Platter: Die Blockabfertigung ist eine Notmaßnahme, um völligen Verkehrsstillstand zu vermeiden. Wichtig ist, den Umwegtransit zu bekämpfen. Dazu müssen wir die Lkw-Maut in Bayern, Südtirol und Trentino auf Tiroler Niveau anheben. Südtirol und Trentino sehen das ähnlich, aber Bayern, das verkehrspolitisch in den 1980ern steckengeblieben ist, wird sich vor der Wahl im Oktober nicht bewegen. Verkehrsminister Norbert Hofer prüft indes, inwieweit der Preis für Lkw-Diesel erhöht werden kann, ohne Pendler zu belasten. Und die Asfinag hat für bessere Lärmschutzmaßnahmen in Tirol zu sorgen, wir zahlen genug Geld dafür nach Wien.

STANDARD: Ein anderes drängendes Tiroler Verkehrsproblem besteht am Fernpass. Wie konkret sind dort die Pläne für Lösungen?

Platter: Wir haben pro Jahr 50 und mehr Tage mit komplettem Verkehrsstillstand am Fernpass. Dass uns Nichtstun hier ebenso wenig weiterbringt wie eine Autobahn, das haben wir in den letzten Jahrzehnten bei der Transitfrage gesehen. Daher bleibt nur die dritte Variante mit dem Fernpassscheitel- sowie dem Tschirganttunnel. Die Planungen dafür laufen bereits.

STANDARD: Bei den Tiroler Festspielen in Erl gab es zuletzt Diskussionen wegen der Belästigungsvorwürfe gegen den künstlerischen Leiter Gustav Kuhn. Hätte das Land als Stiftungsmitglied hier schneller und anders reagieren sollen?

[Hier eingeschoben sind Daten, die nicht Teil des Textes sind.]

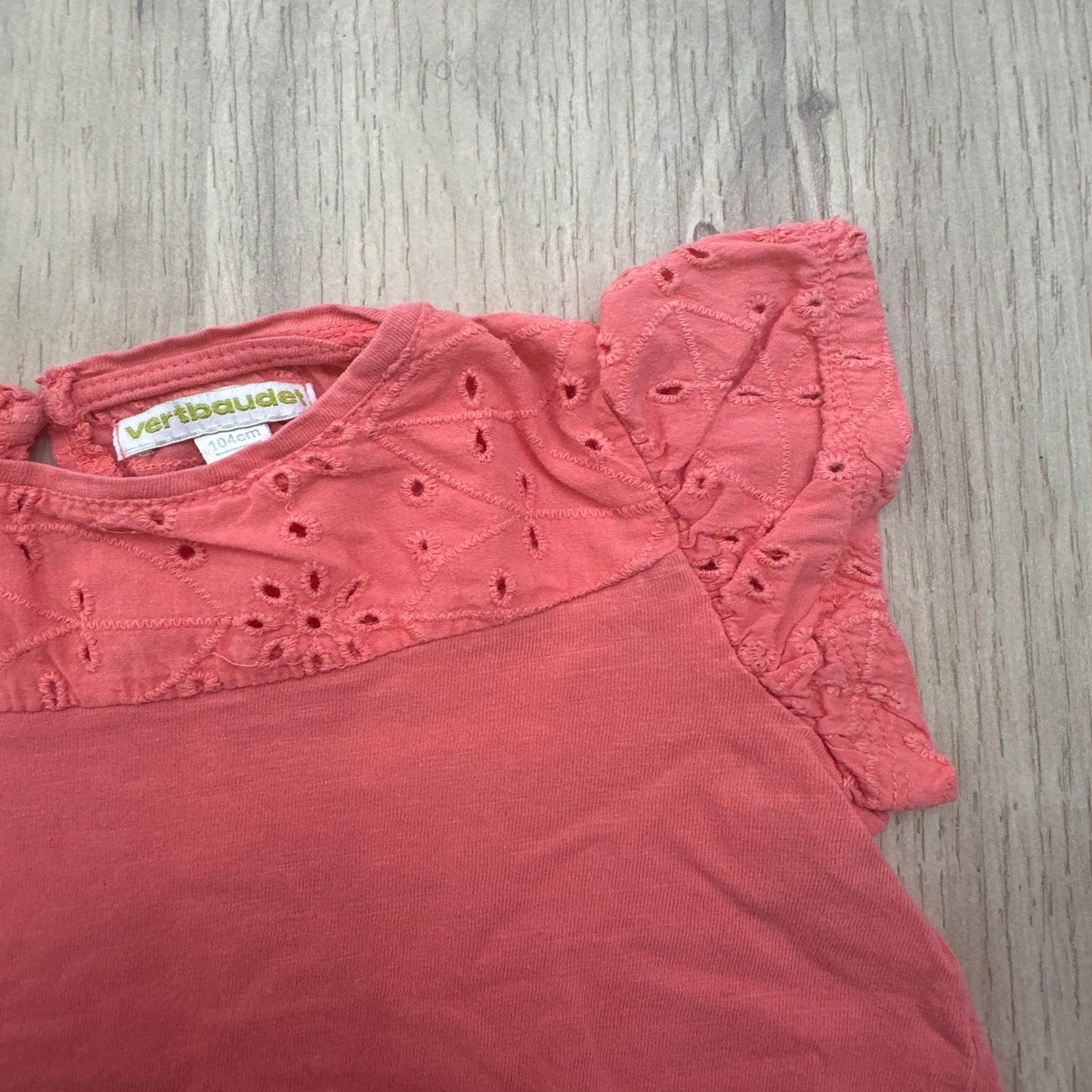 Blouse Verbaudet : 4 ans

Platter: Landesrätin Beate Palfrader vertritt das Land Tirol im Stiftungsvorstand und leistet gute Arbeit. Sie hat immer betont, dass es volle Aufklärung ohne Scheuklappen geben muss. Der Rückzug von Gustav Kuhn, bis es eine vollständige Aufklärung gibt, war gut und notwendig. (Steffen Arora, 21.8.2018)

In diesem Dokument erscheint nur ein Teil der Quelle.